Rare Insight

In October, Suffolk University Biochemistry Chair and Professor Melanie Berkmen received a plea from the parent of a child with a rare and incurable disease called fumarase deficiency.  

Would Berkmen and her students be willing to study the child’s genetic mutations? And in learning about this patient, could they produce data that might someday help others? 

For Berkmen, the answer was an easy “yes.”  

In 2013, she’d been the one searching for answers after she lost her beloved 14-year-old niece, Lara, to leukemia. To honor Lara’s memory, Berkmen vowed to use her skills to contribute to research that would help other children. She realized that while she might not be able to tackle cancer in her small lab, she could devote her efforts to a little-studied rare disease with effects that can be just as devastating.  

Fumarase is a metabolic protein that’s responsible for converting food into energy. It’s also what’s known as a tumor suppressor protein, says Berkmen, “which means that if you get mutations in it, it increases your chances of developing cancer or a tumor.” Babies born with fumarase deficiency can experience failure to thrive, developmental delays, seizures, and a host of serious neurological impacts. The condition is often fatal in childhood. It’s also extremely rare, with physicians reporting approximately 100 cases worldwide, and at present has no known cure. 

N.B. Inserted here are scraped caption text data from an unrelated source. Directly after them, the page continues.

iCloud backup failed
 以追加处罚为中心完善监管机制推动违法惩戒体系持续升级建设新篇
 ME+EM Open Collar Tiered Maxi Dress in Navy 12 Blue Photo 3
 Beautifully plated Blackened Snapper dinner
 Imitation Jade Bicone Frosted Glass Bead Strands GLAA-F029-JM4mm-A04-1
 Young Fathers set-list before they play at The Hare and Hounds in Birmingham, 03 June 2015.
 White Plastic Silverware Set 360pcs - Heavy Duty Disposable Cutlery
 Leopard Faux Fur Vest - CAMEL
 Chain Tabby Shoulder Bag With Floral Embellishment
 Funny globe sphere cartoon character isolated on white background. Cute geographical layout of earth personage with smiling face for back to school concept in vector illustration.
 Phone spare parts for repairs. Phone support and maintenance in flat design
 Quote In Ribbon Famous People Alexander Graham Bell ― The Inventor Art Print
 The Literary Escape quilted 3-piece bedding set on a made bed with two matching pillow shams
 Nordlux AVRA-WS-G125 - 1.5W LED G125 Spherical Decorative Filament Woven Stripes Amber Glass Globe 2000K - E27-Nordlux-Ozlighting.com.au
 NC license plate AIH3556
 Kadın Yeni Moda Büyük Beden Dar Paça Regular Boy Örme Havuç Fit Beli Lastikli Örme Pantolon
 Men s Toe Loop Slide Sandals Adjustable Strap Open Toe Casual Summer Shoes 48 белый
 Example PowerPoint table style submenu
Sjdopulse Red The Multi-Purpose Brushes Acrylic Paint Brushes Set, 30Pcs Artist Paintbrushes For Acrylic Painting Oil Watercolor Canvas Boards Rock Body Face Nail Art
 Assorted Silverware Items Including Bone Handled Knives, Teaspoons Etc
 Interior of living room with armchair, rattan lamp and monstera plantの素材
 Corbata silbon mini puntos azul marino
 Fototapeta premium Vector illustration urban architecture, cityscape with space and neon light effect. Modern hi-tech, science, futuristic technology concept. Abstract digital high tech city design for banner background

For an uncommon disease like fumarase deficiency, giving researchers additional data on even a single new patient’s mutation might provide clues to potential treatments. That’s where Berkmen and her students come in.  

For nearly a decade, they have been studying clinically relevant mutations in the fumarase protein. They purify and characterize the fumarase variants, which can shed light on the biochemical underpinnings of the disease. What began as a short unit in her Advanced Biochemistry Research Lab class has grown into a semester-long project every spring.  

Initially, they used case files that had been published in scientific literature, studying the biochemical effects of particular patients’ mutations. Then one day Berkmen got an unexpected call. A former student, Olivia Grocott, BS ’15, who’d worked on the research project in her lab class at Suffolk was now working with a fumarase deficiency patient at Massachusetts General Hospital.  

“I got to meet the patient and her amazing mother, and I spoke with her care team,” says Berkmen. Then she and her students collaborated with Grocott on a paper analyzing the patient’s disease. “Olivia wrote the portion about the symptoms and the diagnosis, and then my research students and I did the biochemical analysis.”  

This semester, working with protected patient information required Berkmen and her students to comply with patient confidentiality requirements in a process approved by Suffolk’s Institutional Review Board. Jennifer Pham, an honors biochemistry student working with Berkmen who will graduate in May, says learning to properly handle patient data is critical for students like her who hope to enter the highly regulated and deeply rewarding world of biomedical research. It’s also taught her firsthand why it’s important to study rare diseases. 

“Rare conditions can significantly impact not only the lives of patients, but also their families and communities,” says Pham. “As we build our own knowledge about fumarase deficiency, we also get to make a contribution to the scientific community by expanding what little is already known.” 

According to the National Institutes of Health, more than 10,000 rare diseases—each affecting relatively few people—collectively account for millions of American patients. Yet most research efforts (and dollars) focus primarily on common conditions like diabetes, cancer, or obesity, says Berkmen. 

The team has published two papers analyzing four different mutations, adding substantively to the scant scientific data on the disease. Now that Berkmen is becoming recognized as an expert in this work, families are starting to call.  

“We cannot treat or cure their child, but we can help them understand this disease better,” explains Berkmen. Perhaps the most important result of Berkmen’s research will be how it inspires a new crop of biochemists to pay attention to rare diseases.  

“Many of my students want to go to medical school, so working on something medically relevant is exciting,” says Berkmen.    

“I think my major contribution is training the next generation of scientists who now have an interest in rare diseases and have the biochemical toolkit and skills to someday help find cures.”